Interesting to note at this juncture is the fact that Congress has provided that the Federal statute, 25 U.S.C.A. § 348, under which the allotment at bar devolved upon Lee Arenas and Richard, “shall not extend to the territory occupied by the Cherokees, Creeks, Choctaws, Chickasaws, Seminoles, [the Five Civilized Tribes] and Osage * * * in Oklahoma * * 25 U.S.C.A. § 339; see Jefferson v. Fink, supra, 247 U.S. at page 290, 38 S.Ct. 516, 62 L.Ed. 1117; Stephens v. Cherokee Nation, 1899, 174 U.S. 445, 447, 19 S.Ct. 722, 43 L.Ed. 1041.
This fact lends support to the view that West, supra, 334 U.S. 717, 68 S.Ct. 1223, 92 L.Ed. 676, and Oklahoma Tax Commission, supra, 319 U.S. 598, 63 S.Ct. 1284, 87 L.Ed. 1612, are to be distinguished from the cases at bar upon the ground that in those cases devolution was by force of Oklahoma law, whereas here intestate succession occurred by force of Federal statute, 25 U.S.C.A. § 348.
It is unnecessary however to distinguish these decisions, since the cases
Furthermore § 6 of the General Allotment Act, 25 U.S.C.A. § 349, provides that: “At the expiration of the trust period and when the lands have been conveyed to the Indians by patent in fee, as provided in section 348, then each and every allottee shall have the benefit of and be subject to the laws, both civil and criminal, of the State or Territory in which they may reside; * * * Provided, That the Secretary of the Interior may, in his discretion, and he is authorized, whenever he shall be satisfied that any Indian allottee is competent * * * at any time to cause to be issued to such allottee a patent in fee simple, and thereafter all restrictions as to sale, incumbrance, or taxation of said land shall be removed * * * And provided further, That the provisions of sections * * * 348 to 350, inclusive * * * shall not extend to any Indians in the former Indian Territory.” 24 Stat. 390, Act Feb. 8, 1887; 34 Stat. 182, Act May 8, 1906; see Monson v.

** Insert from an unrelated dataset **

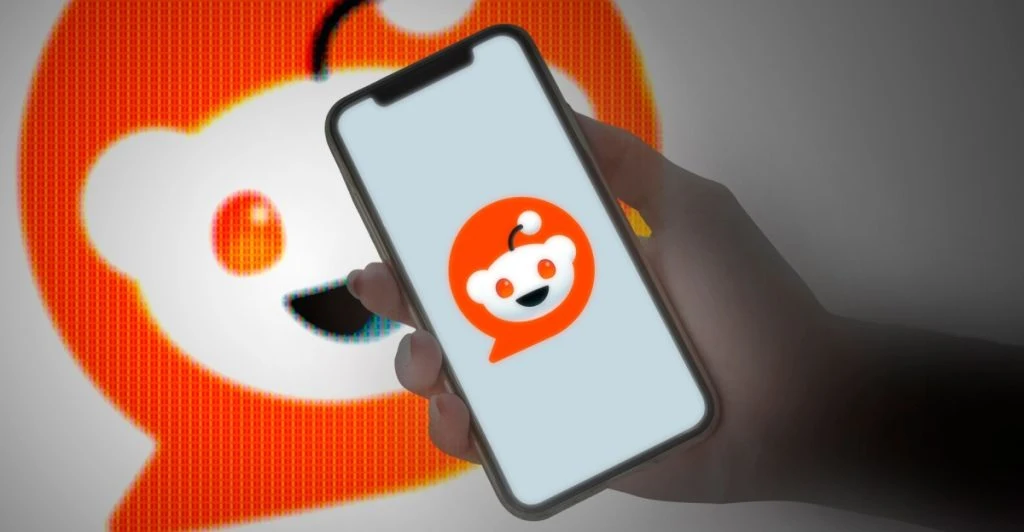 10 saker du aldrig ska lägga upp i sociala medier: även om det känns oskyldigt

Simonson, 1913, 231 U.S. 341, 345-346, 34 S.Ct. 71, 58 L.Ed. 260.
It follows then that the funds at bar are not subject to California’s claim of lien for inheritance taxes.
The State also presents a motion to establish a lien for “personal income taxes for the years 1947, 1948 and 1949” allegedly due from Lee Arenas under California’s Personal Income Tax Law. Cal. Rev. & Tax Code, § 18882. There is no showing as to the source of the income sought to be taxed.
Assuming arguendo that the income taxes in question are validly laid, the trust funds here are for reasons already stated immune from the claim of lien. Squire v. Capoeman, 351 U.S. 1, 76 S.Ct. 611; cf. Helvering v. Mountain Producers Corp., 1938, 303 U.S. 376, 58 S.Ct. 623, 82 L.Ed. 907; Superintendent, etc. v. Commissioner, 1935, 295 U.S. 418, 55 S.Ct. 820, 79 L.Ed. 1517; Choteau v. Burnet, 1931, 283 U.S. 691, 51 S.Ct. 598, 75 L.Ed. 1353.
The motion of the State of California filed March 5, 1956, must be denied, as must the prayer of the State’s answer to the petition.
Since the petition also involves other claims, it will be restored to the calendar for further hearing.